Jakarta (ANTARA) - Lima orang anggota Dewan Pengawas KPK tiba di kompleks istana. Mereka adalah Syamsuddin Haris, Artidjo Alkostar, Albertina Ho, Harjono dan Tumpak Hatorangan Panggabean.
"Semalam dikabari, kita ingin menegakkan pemerintah yang bersih dengan memperkuat KPK, sebagaimana pun tanpa pemerintahan yang bersih kita tidak bisa meningkatkan daya saing," kata Syamsuddin di kompleks istana kepresidenan Jakarta, Jumat.
Presiden Joko Widodo dijadwalkan melantik lima orang Pimpinan dan lima orang Dewan Pengawas Komisi Pemberantasan Korupsi pada siang hari ini di Istana Negara.
Syamsuddin menilai bahwa pembentukan Dewan Pengawas adalah sebagai bentuk komitmen Presiden Jokowi sebagai pemberantasan korupsi.
"Semula format dewan pengawas itu dibentuk oleh DPR, oleh partai politik-politik tapi belakangan berubah sebab dibentuk oleh presiden, saya pikir ini peluang bagus presiden Jokowi untuk menunjukkan komitmennya dalam pemberantasan korupsi cuma memang waktu UU KPK direvisi tampaknya beliau, tidak bisa menghindar sebab semua parpol mendukung revisi itu," tambah Syamsuddin.

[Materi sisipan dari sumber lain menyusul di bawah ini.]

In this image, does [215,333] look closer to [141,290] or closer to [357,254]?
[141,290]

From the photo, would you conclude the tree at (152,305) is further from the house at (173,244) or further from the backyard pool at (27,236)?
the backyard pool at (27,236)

Anggota Dewan Pengawas kedua yang datang adalah Artidjo Alkostar. Artidjo mengaku menerima sebagai Dewas karena menjadi panggilan republik.
"Ya panggilan republik ini, saya tidak boleh egoistis, mungkin kepentingan saya tapi kan kalau itu diperlukan kan negara perlu kita bantu, negara kita kan negara kita bersama," kata Artidjo.
Artidjo mengaku sudah dihubungi beberapa hari yang lalu.
"Anggota Dewas tergantung orangnya, kita profesional dan proporsional, proporsional itu penting menjaga keseimbangan supaya lembaga ini sehat dan bekerja baik, sesuai harapan bersama," ungkap Artidjo.
Selanjutnya ada Albertina Ho yang mengaku baru diberikan undangan sebagai Dewas pada hari ini.
"Ini kan perintah, baru dikasih undangan, sebelumnya belum tahu," kata Albertina.
Albertina mengaku tidak ada diskusi dengan Presiden Jokowi sebleumnya.
"Belum ada pertemuan dengan Presiden," tambah Albertina.
Sedangkan Harjono mengatakan bahwa ia akan mengerjakan tugasnya sebagai Dewas secara profesional.
"Ketentuan UU-nya jelas kita tidak bisa melewati ketentuan UU itu karena ketentuan UU kita laksanakan profesional karena mendapat kepercayaan baru dihubung itadi malam saya masih di Manado," ungkap Harjono.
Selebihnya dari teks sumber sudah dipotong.